Jardín cerrado
A algunos lugares conviene acudir por la tarde, que es la hora prescrita en el libro de las buenas costumbres para las visitas humanas, y por el tacto estético en lo concerniente a nuestras relaciones con ciertos paisajes. Téngase esto en cuenta y luego tómese la carretera que desde La Vall d'Uixó se dirige a Soneja. Casi de inmediato se llega, tras la clásica curva, a uno de los más pequeños pueblos de la Sierra de Espadán: Fondeguilla.
Busquemos el camino que se adentra en el barranco al que Fondeguilla pertenece con una naturalidad algo temeraria. Encontraremos su lecho cultivado casi hasta el último palmo de terreno. Primero con mayoría de naranjos y enseguida con frutales de los que producen las más breves delicias del estío: el ciruelo, el níspero, el membrillo, la higuera y, como un príncipe entre todos ellos, el cerezo, árbol de supremo esplendor en primavera, de dulzura en verano y de gris elegancia desnuda bajo el frío invernal. Son éstos, hoy por hoy, cultivos de capricho y ocio mantenidos en el mismo hermoso abigarramiento que trazaran los antiguos habitantes moriscos. Se conservan aún las diminutas acequias por donde murmura un agua auténtica que llena albercas de ajustada escala, pues aquí todo se comprime, todo existe sin holgura pero con precisión. Aún puede escucharse -y es un privilegio- el ¡plof! también preciso de la eterna rana de Basho, residente fiel, cuando salta desde el festón de hierbas del borde de las viejas charcas.

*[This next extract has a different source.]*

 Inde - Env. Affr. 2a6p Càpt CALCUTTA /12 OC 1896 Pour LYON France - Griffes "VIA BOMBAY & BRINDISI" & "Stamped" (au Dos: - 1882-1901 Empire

"Desde ninguno de sus puntos puede verse otra cosa que no sea él mismo o el cielo"
Al zigzaguear entre los huertos, se entiende a la perfección la conveniencia de visitar estos rincones con la luz oblicua de la tarde. Es entonces cuando se manifiestan las calidades de otro fruto ofrecido en las ramas, impalpable, el claroscuro mismo, que puede ser apreciado y consumido en plenitud por la mirada del paseante.

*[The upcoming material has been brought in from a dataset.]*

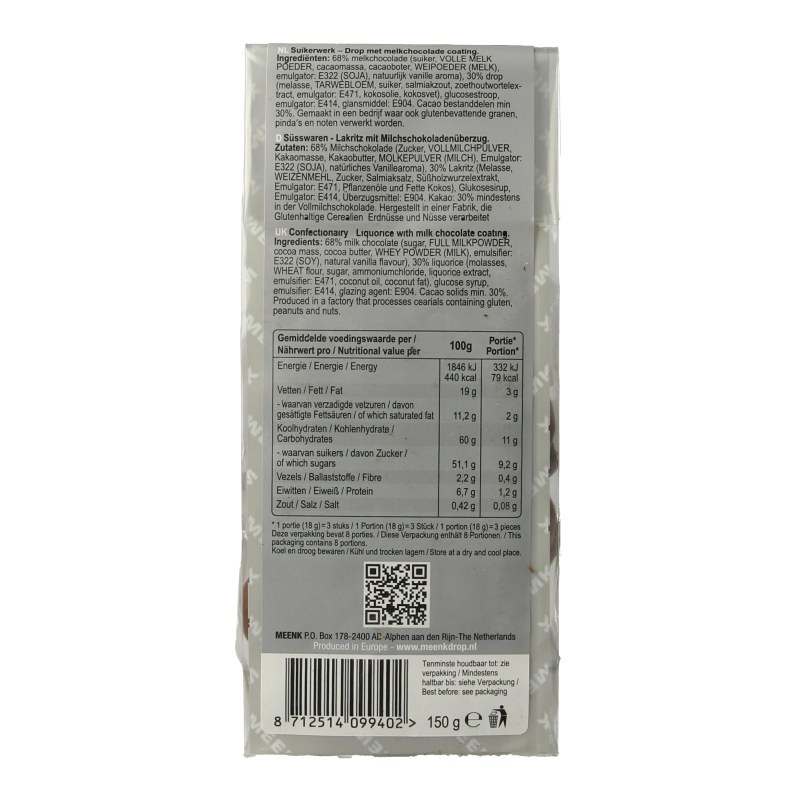 Meenk Drop chocolade snoepgoed in 150 gram package, showing glossy brown chocolate drops on a white background.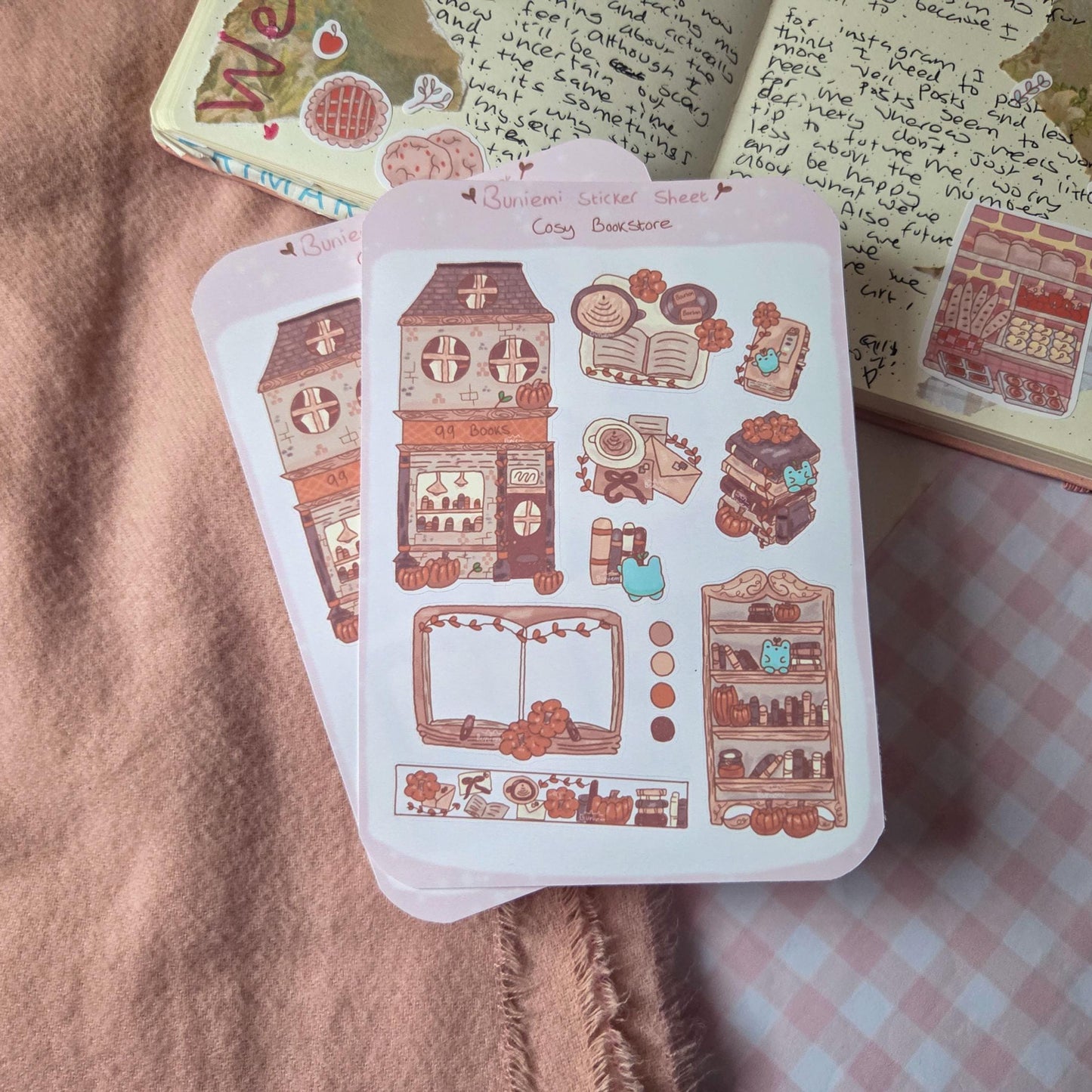 Cosy Bookstore sticker sheet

A partir del vestigio romano conocido como l'Arquet, pequeño tramo intacto de un antiguo acueducto, el barranco de Fondeguilla deja de tolerar las directas injerencias humanas y recobra su piel agreste. Ahora es el alcornoque, por momentos disperso y por momentos agrupado, quien lo matiza todo. Deja en el aire un toque uniforme de ceniza verdosa bien recibido por los olivos y por los almendros, hoy prácticamente abandonados a su suerte.
En la parte media y alta del barranco, una geología ya cubista antes del cubismo se entretuvo cuarteando los abundantes afloramientos y cortados rocosos, guiada por un principio que contiene lógica y contiene sorpresa. Frecuentemente, líquenes amarillentos cubren estos rodenos hasta ennoblecerlos con el barniz del envejecimiento y la dorada aspereza. Sobre ellos, sobre sus muchas aristas, se posa un pájaro azul, el roquero solitario, cuya lírica misión en este mundo consiste en permanecer asomado siempre a los abismos.
Todas las virtudes de la Sierra de Espadán, nuestra particular Arcadia valenciana, adornan el barranco de Fondeguilla: la fragosidad junto a lo ameno, lo más abrupto al lado de la mayor afabilidad. Hay una conciliación de la pureza natural y la actividad de los hombres que es rara porque no se parece a un equilibrio. La balanza se inclina aún hacia el lado de lo que está o crece sin nosotros.
Este paraje es un jardín cerrado. Desde ninguno de sus puntos puede verse otra cosa que no sea él mismo o el cielo. Poco importa. Para nuestros ojos no son alternativas desdeñables.